Chris Peters glanced at the scoreboard in the fourth inning and saw something no other Pittsburgh pitcher has seen against the Milwaukee Brewers: Runs.

Mark Smith, Aramis Ramirez and Kevin Young homered in the first three innings and the Pirates finally mounted some offense against the Brewers in a 7-2 victory Sunday.

The Pirates had scored only six runs and were 0-4 against the Brewers this season until hitting the three homers off Steve Woodard (3-5), who lost his fourth in a row.

"After the third one, I was like, `Oh man, I can't believe this,"' said Woodard, who had allowed only two homers in 13 appearances.

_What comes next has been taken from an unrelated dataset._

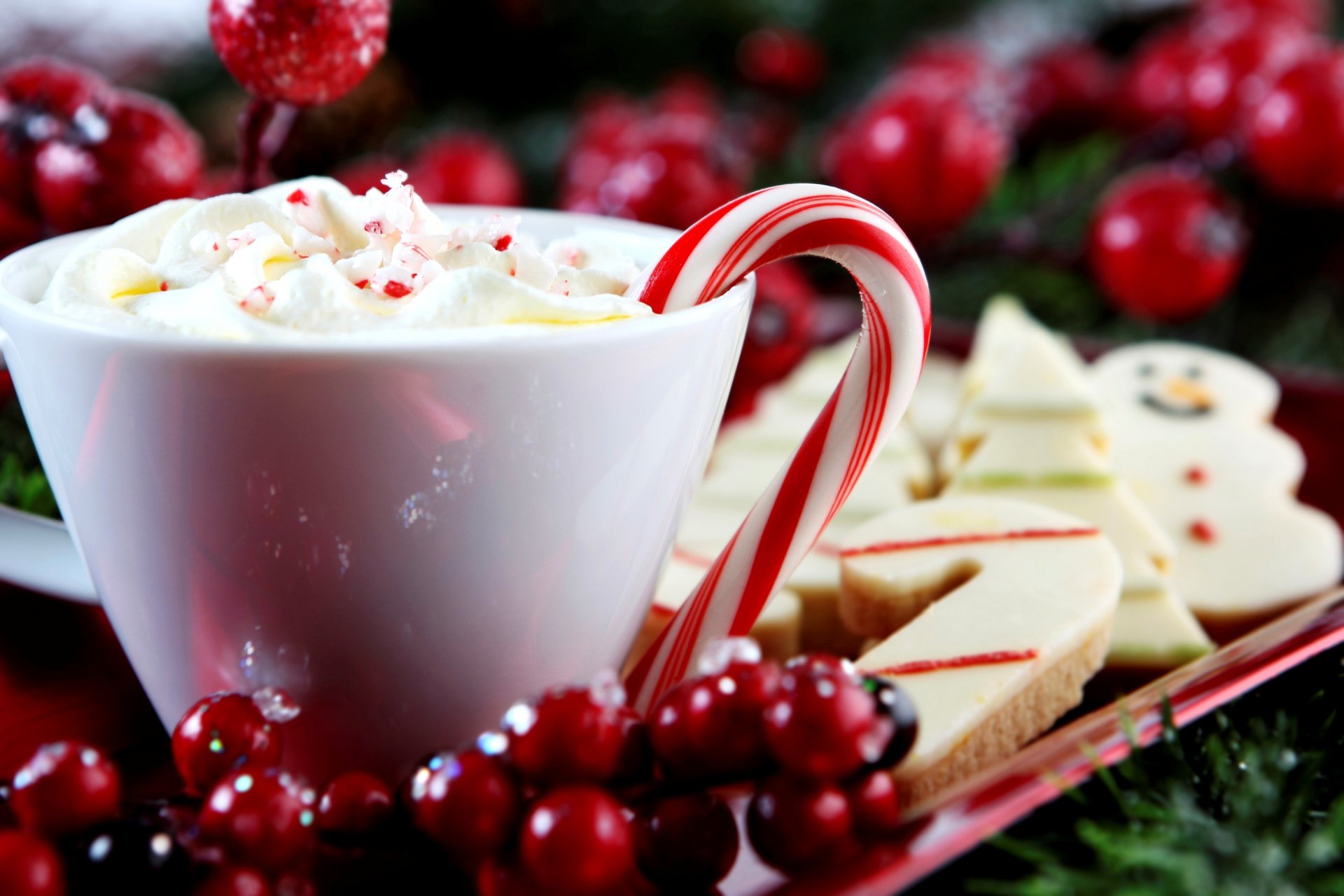 tazza bevanda crema lecca-lecca caramella bastone bastone biscotti cottura agrifoglio agrifoglio vacanze inverno capodanno natale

That's exactly how the Pirates hitters must have felt against the Brewers. Until Sunday, they had scored 13 runs an average of 1.9 per game while going 1-6 against Milwaukee since they first met in interleague play last season.

"I can't tell you how much the run support helps," said Peters, who retired the side in order in five of the six innings he pitched. "You don't feel like one pitch can cost you the game. You can go out and pitch your game."

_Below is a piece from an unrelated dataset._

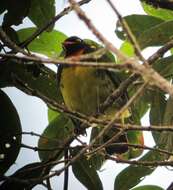 Image of Orange-breasted Fruiteater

Peters (2-4) made only 66 pitches in his longest start of the season, getting into trouble only when Mark Loretta singled ahead of John Jaha's two-run homer in the fourth inning.

Young, the first baseman, kept the two-run inning from being bigger by turning Jeff Cirillo's hard-hit shot down the line into a double play.

The left-handed Peters settled down to retire the next six batters before leaving, and Elmer Dessens followed with two scoreless innings. Ricardo Rincon pitched the ninth.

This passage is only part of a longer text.